Best gun for CC ??

Discussion in 'Concealed Carrying & Personal Protection' started by Graphixman, Oct 26, 2012.

  1. Graphixman

    Graphixman New Member

    First hello to the Forum ...great site ... but I was thinking of the G 33 or G 27 .. For CC... Anyone carry these ?? And if so your thoughts would be great ...
  2. mountainman13

    mountainman13 New Member

    Welcome to FTF. The 27 seems to be a popular choice for cc. Easy to conceal, good stopping power and the reliability of a glock.

  3. JTJ

    JTJ Well-Known Member Supporter

    The one you will carry. A 380 in the pocket is better than a 45 in the drawer. A lot of people go for one gun or another based on what other people think. It is your gun, it is personal and you have to be willing to train with it and carry it. Do not buy more gun than you can shoot accurately with. Do not buy a gun that is hard to control. Do not buy a gun that fits poorly. Do not buy a gun that does not point naturally. A gun is near useless if you can not shoot well and quickly with it. As I have gotten older, I have had to rethink my carry. I can still shoot a 45 well but a 9mm is faster and easier. I am not a police officer and dont plan on chasing down criminals. I do plan on defending myself should the need arise again. If you can handle a 45 great but dont let bravado make your decision.
  4. phildenton

    phildenton New Member

    Try to finf a nearby range that rents guns and try em out.
  5. Graphixman

    Graphixman New Member

    Thank you guys great info ..
  6. potentialglock

    potentialglock New Member

    Unless you're dead set on glock check out ruger's LC family. I have an LC9 and greatly enjoy it. I still prefer full size pistols but there are times I just can't carry that large.
  7. jimogden1984

    jimogden1984 New Member

    I was carrying a 1911 and found myself leaving it at home more and more. Then I got a kahr cm9 that fits in my pocket and its always with me. As TJT said, try to make sure whatever you get is easy to carry. It won't do you any good at home or in the glove box
  8. GNXtreme

    GNXtreme New Member

    It all has to do with what gun fits YOU the best. If you've never shot a glock you need to try one before spending the money on one. I'm not saying that they aren't great guns, I just prefer something different. I'm not a "fanboy" of any particular type or brand but I do know what I like to shoot and can shoot well. Springfield XD or a 1911 works great for me.
  9. Old_Crow

    Old_Crow New Member

    A bazooka is quite intimidating. No one can tell you what the best gun for you to conceal might be.

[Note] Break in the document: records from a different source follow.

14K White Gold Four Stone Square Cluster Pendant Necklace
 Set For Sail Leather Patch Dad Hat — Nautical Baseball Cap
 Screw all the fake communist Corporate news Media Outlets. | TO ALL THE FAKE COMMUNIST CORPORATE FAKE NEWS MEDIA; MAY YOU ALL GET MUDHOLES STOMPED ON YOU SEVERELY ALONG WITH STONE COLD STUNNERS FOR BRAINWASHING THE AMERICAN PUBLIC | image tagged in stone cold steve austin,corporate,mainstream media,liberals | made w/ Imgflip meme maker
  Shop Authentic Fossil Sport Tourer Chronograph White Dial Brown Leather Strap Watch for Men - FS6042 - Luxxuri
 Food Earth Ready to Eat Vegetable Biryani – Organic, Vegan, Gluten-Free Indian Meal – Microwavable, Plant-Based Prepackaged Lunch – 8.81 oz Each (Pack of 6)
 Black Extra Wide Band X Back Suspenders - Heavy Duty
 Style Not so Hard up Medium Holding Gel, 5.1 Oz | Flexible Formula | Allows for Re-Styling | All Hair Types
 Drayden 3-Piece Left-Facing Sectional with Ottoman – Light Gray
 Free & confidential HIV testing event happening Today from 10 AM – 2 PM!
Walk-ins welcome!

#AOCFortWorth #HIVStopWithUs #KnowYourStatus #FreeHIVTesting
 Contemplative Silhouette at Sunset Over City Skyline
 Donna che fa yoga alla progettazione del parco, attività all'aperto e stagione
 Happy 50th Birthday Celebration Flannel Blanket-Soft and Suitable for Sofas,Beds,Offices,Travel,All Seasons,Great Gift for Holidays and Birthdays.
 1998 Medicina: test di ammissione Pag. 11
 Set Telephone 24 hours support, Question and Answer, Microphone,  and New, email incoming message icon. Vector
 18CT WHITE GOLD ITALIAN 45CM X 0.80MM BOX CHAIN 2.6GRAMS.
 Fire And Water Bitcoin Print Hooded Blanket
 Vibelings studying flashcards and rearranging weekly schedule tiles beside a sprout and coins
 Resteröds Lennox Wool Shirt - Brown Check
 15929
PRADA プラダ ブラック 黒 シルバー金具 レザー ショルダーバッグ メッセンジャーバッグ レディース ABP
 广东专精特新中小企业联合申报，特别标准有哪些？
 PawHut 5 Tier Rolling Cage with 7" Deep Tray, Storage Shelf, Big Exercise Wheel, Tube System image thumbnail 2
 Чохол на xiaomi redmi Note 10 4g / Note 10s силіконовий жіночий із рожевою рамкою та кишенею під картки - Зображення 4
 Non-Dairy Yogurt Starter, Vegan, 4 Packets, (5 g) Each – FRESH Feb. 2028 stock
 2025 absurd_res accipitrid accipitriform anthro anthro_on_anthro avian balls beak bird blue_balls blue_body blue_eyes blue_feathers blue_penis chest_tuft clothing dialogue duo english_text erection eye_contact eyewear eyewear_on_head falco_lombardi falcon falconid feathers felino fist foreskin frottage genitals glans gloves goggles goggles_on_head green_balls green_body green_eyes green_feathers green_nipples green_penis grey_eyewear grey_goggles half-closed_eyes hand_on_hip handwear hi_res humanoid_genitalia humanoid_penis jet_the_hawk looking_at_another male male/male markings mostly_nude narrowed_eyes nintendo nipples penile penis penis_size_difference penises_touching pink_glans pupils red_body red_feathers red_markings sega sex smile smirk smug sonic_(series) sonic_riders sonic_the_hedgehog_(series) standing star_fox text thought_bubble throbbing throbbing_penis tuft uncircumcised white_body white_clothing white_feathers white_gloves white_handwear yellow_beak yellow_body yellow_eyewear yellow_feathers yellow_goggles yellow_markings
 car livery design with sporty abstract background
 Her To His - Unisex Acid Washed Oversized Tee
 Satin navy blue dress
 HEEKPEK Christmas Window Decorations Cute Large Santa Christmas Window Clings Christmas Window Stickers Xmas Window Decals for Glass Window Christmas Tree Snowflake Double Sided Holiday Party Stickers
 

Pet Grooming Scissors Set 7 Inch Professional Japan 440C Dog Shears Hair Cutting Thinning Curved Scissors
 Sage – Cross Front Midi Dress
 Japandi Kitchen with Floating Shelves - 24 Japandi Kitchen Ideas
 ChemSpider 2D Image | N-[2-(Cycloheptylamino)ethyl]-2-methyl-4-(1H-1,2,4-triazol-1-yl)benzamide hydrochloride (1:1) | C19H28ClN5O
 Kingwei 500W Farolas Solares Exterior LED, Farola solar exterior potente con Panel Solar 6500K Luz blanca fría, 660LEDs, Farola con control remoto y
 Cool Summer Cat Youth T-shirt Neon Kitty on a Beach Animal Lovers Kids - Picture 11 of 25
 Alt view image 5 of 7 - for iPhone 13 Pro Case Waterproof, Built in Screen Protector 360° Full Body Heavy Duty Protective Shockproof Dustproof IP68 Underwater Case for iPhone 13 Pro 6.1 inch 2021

Guns I can carry easily would drive most people nuts. By the same token if I had to carry a Glock I would trade it for a $15 Cold Steel knife. At least the knife won't shoot me before I get it out of the sheath.
  10. JimRau

    JimRau Well-Known Member Supporter

    Amen! I am a LEO with over 30 years on the street and have been a firearms instructor for more years than I care to admit!:eek: And what he said is right on.
    It is totality of the circumstance:
    1. Chose a PPD (Personal Protection Device/handgun):D you WILL carry. To many folks get hung up in the 'bigger is better' mess and chose a 'big' gun they eventually find to be to much trouble to carry.
    2. Hit probability is the MOST important consideration when choosing a PPD you will carry!!! As we would tell the 'smaller (usually female) recruits "A hit with 38 is better than a miss with a 357"! As stated above carry the one you can shoot the best.
    3. It has been shown that if you use the BEST SD ammo available today there is no realistic difference in the 9mm, 357 Sig/Mag, 40 S&W, 45 ACP/GAP/Colt (less than 5% difference in the permanent wound cavities from the worst to the best with the BEST SD ammo out there today) to stop an aggressive human attacker. So the caliber is not as as big of an issue as many make it.
    4. Also, if you are new to this I recommend you start with a revolver not a auto. They are much simpler and safe to operate. There is not need for the extensive training we go through to address the 'failure to fire' issues common with the semi-autos and they are safer because they are simpler to operate.
    Hope this helped.:)
  11. Dionysus03

    Dionysus03 New Member

    GNXtreme Those are my two primary choices for carry. I agree that the most important aspect for choosing a ccw is the fit. If it's not comfortable to wear at all times it's not doing you any good.
  12. danf_fl

    danf_fl Retired Supporter

    Do you own only one pair of shoes that you wear for everything?

    Consider the circumstances of where you are going, what you are doing.

    A loud "clunk" on a church pew with your pistol is not normally taken nicely. Sitting in the car and driving for 6 hours with the rig under the seat belt is not comfortable. Going to the beach and concealing it in your speedos brings unwanted attention.

    Different rigs and different firearms. The main thing is that you have a firearm with you.